For a tight crop, facing forward and looking directly to the camera can be a strong option too. The look will be more composed than natural though, so it is not always the right choice.
You will find that people more naturally drop into a comfortable natural pose when they first move into a position. As opposed to having a carefully controlled pose that you have been perfecting for ten minutes. That can make people look very stiff.
A good trick is to have your subject stand up and sit down again. Or, walk into the frame and stop in the right spot. Then shoot, before they have time to think about controlling what they do too much.
It is immensely important to get some rapport going between you and your subject. Warm up them before you start shooting.
And, talk a little to your subject, as you shoot. Don’t get them to talk so much, but instead listen to you. Then you can shoot their facial reactions. Nothing too dramatic. They should relax, maybe smile as they listen.

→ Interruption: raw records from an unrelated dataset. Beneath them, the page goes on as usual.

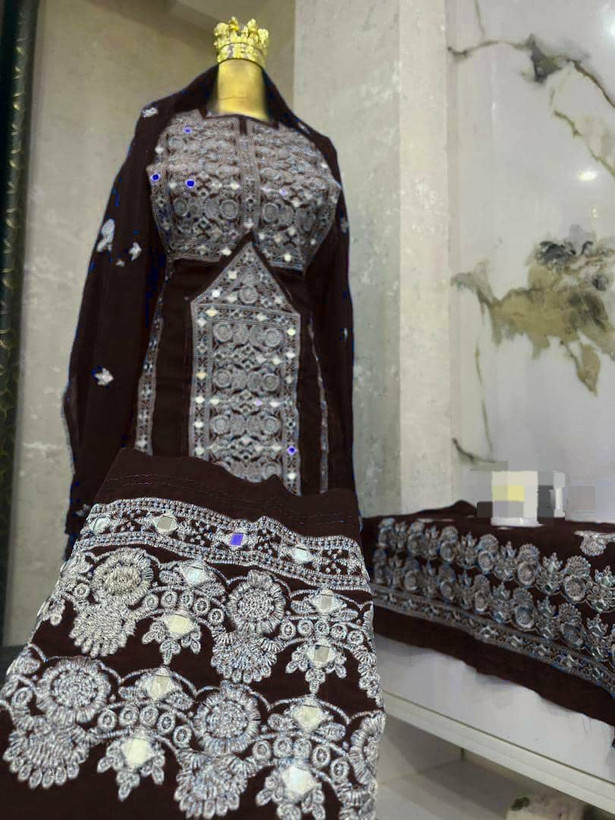 لباس بلوچی ۵ وجب پیکو دوزی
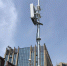 图为武汉光谷软件园一处5G通信基站楼顶杆塔。 - 新浪湖北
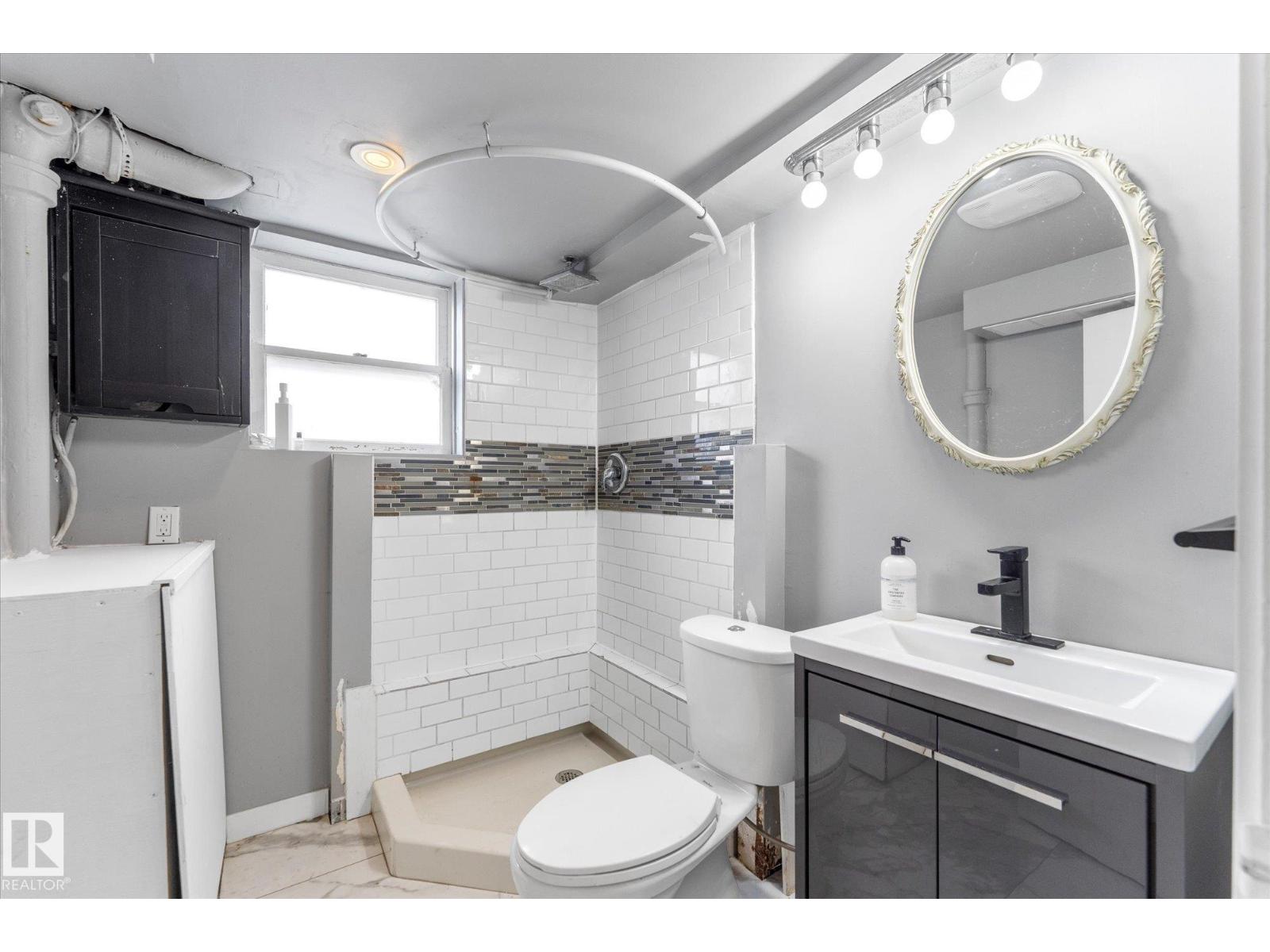 10947 116 ST NW - 39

Some people are a lot more comfortable in front of a camera than others. It won’t always be the same. Gaining experience working with different people will help you.
And, being comfortable and confident yourself goes a long way.
I hope this guide has given you some confidence to start taking portrait images. It can be incredibly rewarding and will also improve your photography overall.
It really is all about working with people and balancing the technical aspects. If you love people and love what you do, it will show. And, you will be able to create great images.
You never know, you might even get to make a career out of it.